"""

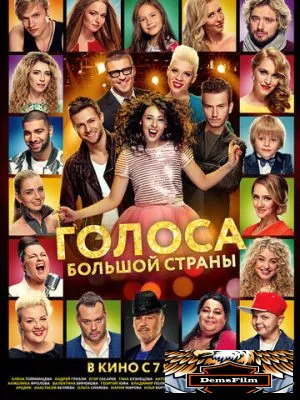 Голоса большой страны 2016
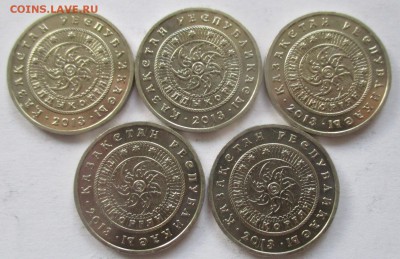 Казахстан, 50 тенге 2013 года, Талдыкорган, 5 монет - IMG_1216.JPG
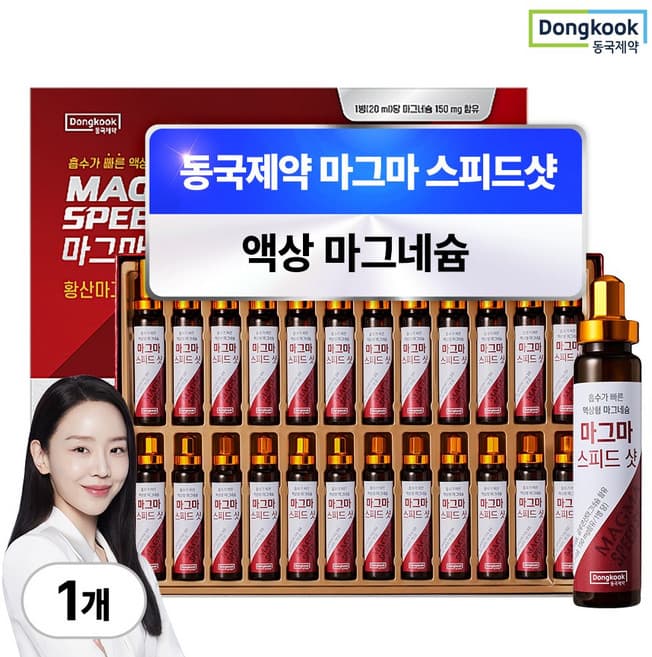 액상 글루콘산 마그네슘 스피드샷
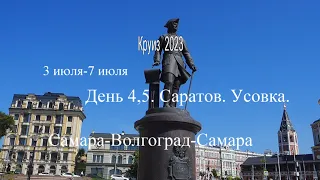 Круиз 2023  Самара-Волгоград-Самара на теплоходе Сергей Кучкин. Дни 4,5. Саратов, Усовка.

"""
"""

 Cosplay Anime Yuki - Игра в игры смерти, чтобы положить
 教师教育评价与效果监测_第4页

"""
"""

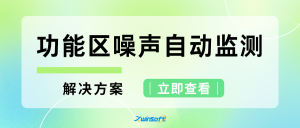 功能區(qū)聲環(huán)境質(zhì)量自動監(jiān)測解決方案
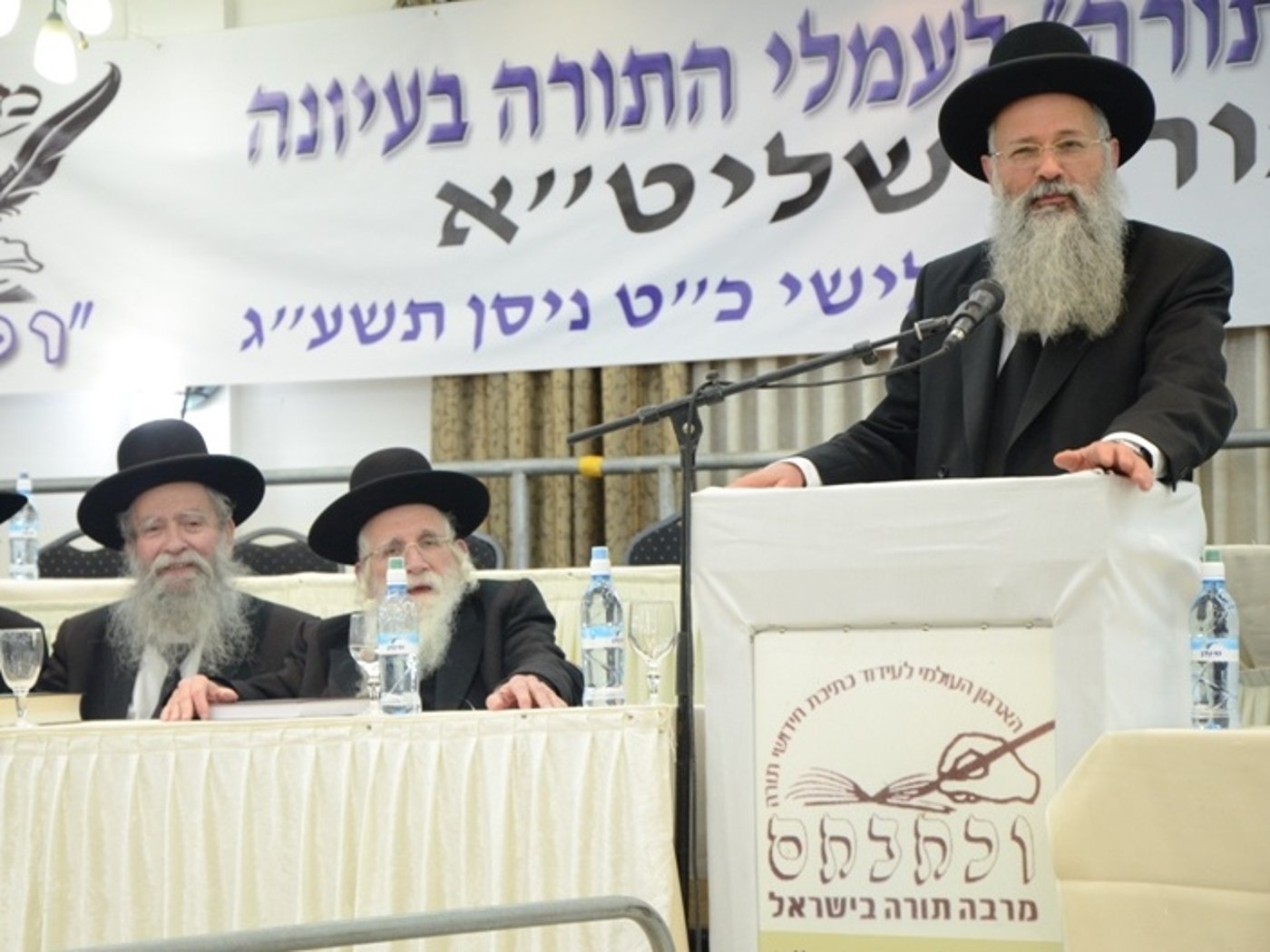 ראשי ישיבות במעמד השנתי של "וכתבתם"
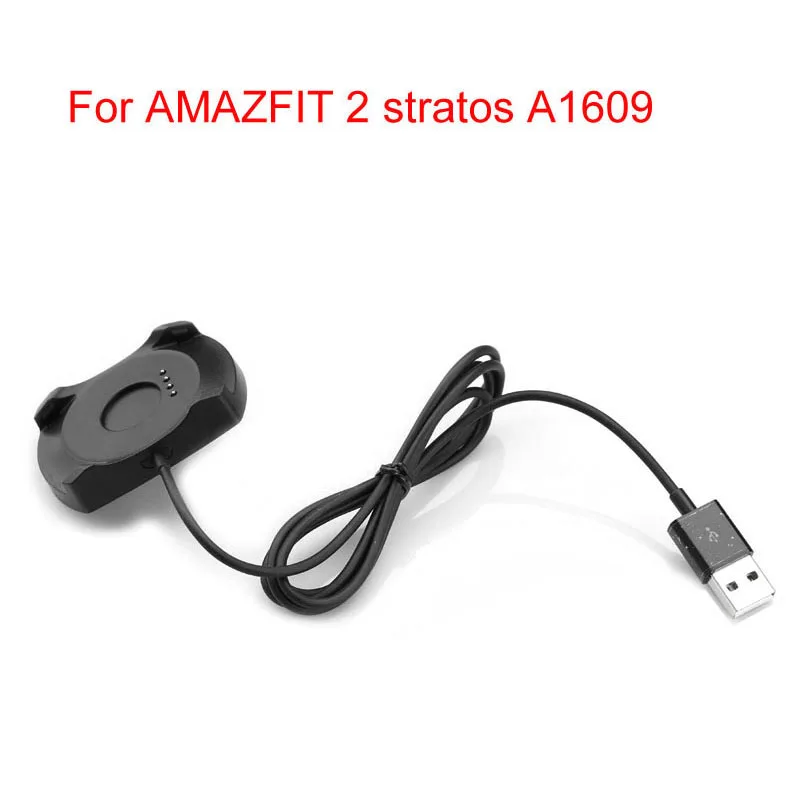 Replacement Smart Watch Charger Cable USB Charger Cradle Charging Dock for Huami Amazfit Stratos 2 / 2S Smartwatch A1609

"""

Keep to the stretch from the line containing "Голоса большой страны 2016" through the line containing "4,5. Саратов, Усовка.", both ends included, and copy it exactly from the listing above, minus the pictures.

_TASK RESULT_
 Голоса большой страны 2016
 Казахстан, 50 тенге 2013 года, Талдыкорган, 5 монет - IMG_1216.JPG
 액상 글루콘산 마그네슘 스피드샷
 Круиз 2023  Самара-Волгоград-Самара на теплоходе Сергей Кучкин. Дни 4,5. Саратов, Усовка.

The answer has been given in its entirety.